Kamu yönetiminde şahsiyet ve şahsiyetli duruşun bedeli
Şahsiyetle ilgili detaylı açıklamalardan sonra şimdi de kamu yönetiminde şahsiyet ve şahsiyetli olmanın bedelini açıklamaya çalışacağız. Daha önce de sıklıkla bahsettiğimiz her işten anlarım ve ne olursa yaparım tarzına haiz işportacı yöneticilerin bulunduğu kurumlarda hakiki ve hükmi şahsiyet çok büyük tehlike altındadır. İşportacı yöneticiler, nefsini (kendini) bilen Rabbini bilir kavlinden çok uzakta olduklarından bunların yönetiminde olan kurumlarda kurumun şahsiyeti yani kurumsallığı zedelendiği gibi gerçek kişilerin de şahsiyetiyle oynanır. Şahsiyetli duruş sergileyenler yani doğruya doğru yanlışa da yanlış diyenler işportacı yöneticiler için çok büyük tehdit oluştururlar. İşportacı yöneticilerin başında oldukları kurumdaki şahsiyetli duruş sergileyenler statü farkı olmaksızın risk altındadır. Çünkü bunlara bakınca şahsiyetsizlik hatıra geleceği için bu duruma tahammül oldukça zordur.

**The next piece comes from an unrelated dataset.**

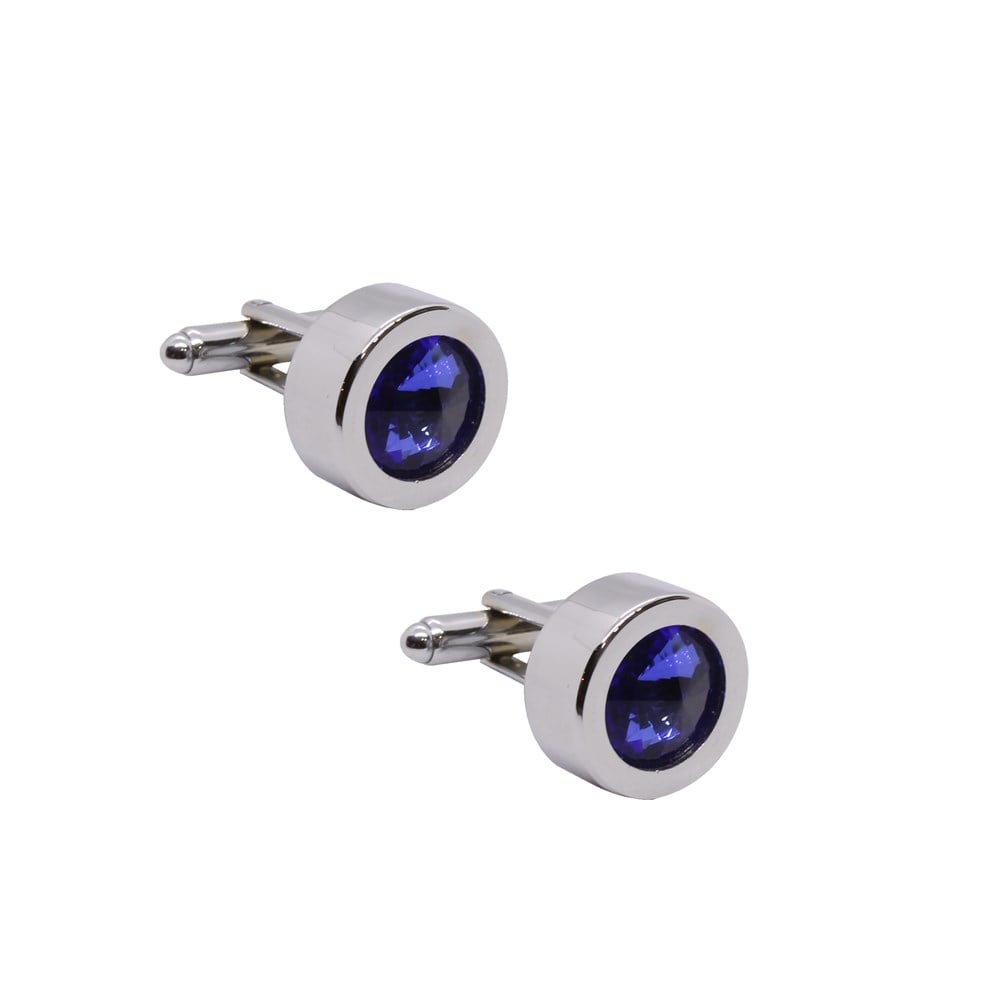 Kol DüğmesiCMC91205 Taşlı Klasik Kol Düğmesi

İşportacı yöneticiler, üstlerine nasıl davranırsa aynı davranışı astlarından beklerler ama bunu göremeyince de çılgına dönerler. Talimatla her şeyin ol deyince olacağını düşünürler ve bunun bir çeşit ilahlığa soyunma olduğunun farkına da varmazlar. Kendileri üstlerine el pençe divan durdukları ve asla eleştiri yapmadıkları için astlarından gelecek eleştiriye ve olmaz ifadesine asla tahammül edemezler.
Maalesef toplumda veya topluma hizmetin motoru olan kamu yönetiminde en tehlikede olan grup şahsiyetli duruş sergileyen insanlardır. Şahsiyetli insanların duruşu en fazla şahsiyetsiz insanları rahatsız eder ve şahsiyetli insanlara baktıkça aşağılık kompleksine kapıldıkları için psikolojik olarak kendilerini kötü hissederler.
Kötü paranın iyi parayı kovması gibi şahsiyetsizler de bir yolunu bulup kendilerini kötü hissettiren şahsiyetli insanları sindirecekleri için kurumlardaki şahsiyetli insanlar her zaman tehlike altındadırlar. Nasıl ki geçmişte şahsiyetli insanlar ciddi zorluklar yaşamışlarsa günümüzde ve gelecekte de şahsiyetli insanlar her zaman risk altındadır ve sıkıntı çekeceklerdir. Bu nedenle ne yapıp edip kamu kurumlarındaki İbrahimleri, Ömer'leri ve Ebuzer'leri çoğaltarak bunları koruma altına almalıyız. Bunlar çoğaldıkça kurumların da şahsiyeti sağlamlaşacaktır. Aksi takdirde akıbetimiz hiç de iyi olmayacaktır.